Images aside, the whole listing should be written out word for word.

(SOURCE DATA):
-- Opening Marker --

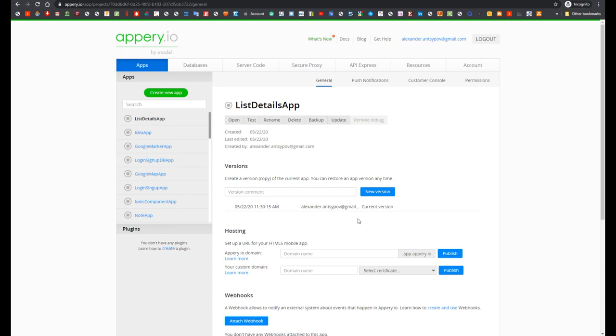Hi everyone! This is Aleksandr Anzipov, and in this video I'm going to show how to add Autocomplete component into mobile application.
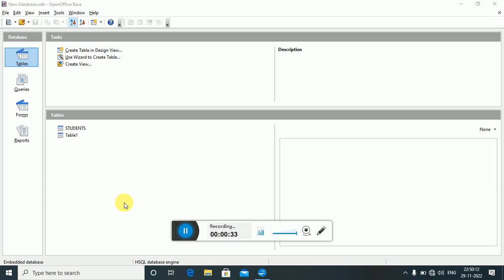Today we will discuss the SELECT command, ALTER command, and the DROP command. The SELECT command is used to fetch the data from a table — that means whatever data we have stored in a table can be extracted or retrieved from there with the help of the SELECT command. I have created a students table.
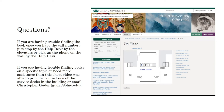If you are having trouble finding books on a specific topic or need more assistance than this short video was able to provide, contact one of the service desks in the building or email Chris Guder at guder@ohio.edu. Happy reading!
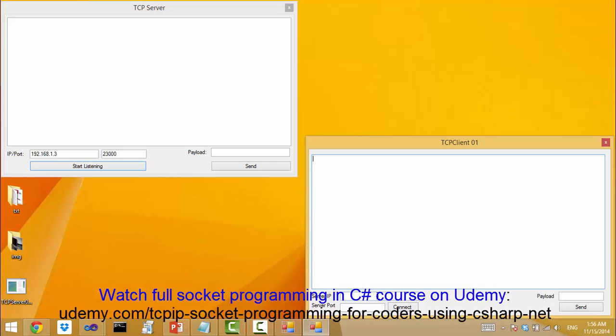And the client is also running on the same machine and the client tries to access the server using the loopback address that is 127.0.0.1 and the same port number. You see, both client and the server are running on the same machine, but the server is using the current IP address of this machine instead of the loopback address. Let us click the connect button and see what happens.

-- Closing Marker --

(ANSWER TO THIS TASK):
Hi everyone! This is Aleksandr Anzipov, and in this video I'm going to show how to add Autocomplete component into mobile application.
Today we will discuss the SELECT command, ALTER command, and the DROP command. The SELECT command is used to fetch the data from a table — that means whatever data we have stored in a table can be extracted or retrieved from there with the help of the SELECT command. I have created a students table.
If you are having trouble finding books on a specific topic or need more assistance than this short video was able to provide, contact one of the service desks in the building or email Chris Guder at guder@ohio.edu. Happy reading!
And the client is also running on the same machine and the client tries to access the server using the loopback address that is 127.0.0.1 and the same port number. You see, both client and the server are running on the same machine, but the server is using the current IP address of this machine instead of the loopback address. Let us click the connect button and see what happens.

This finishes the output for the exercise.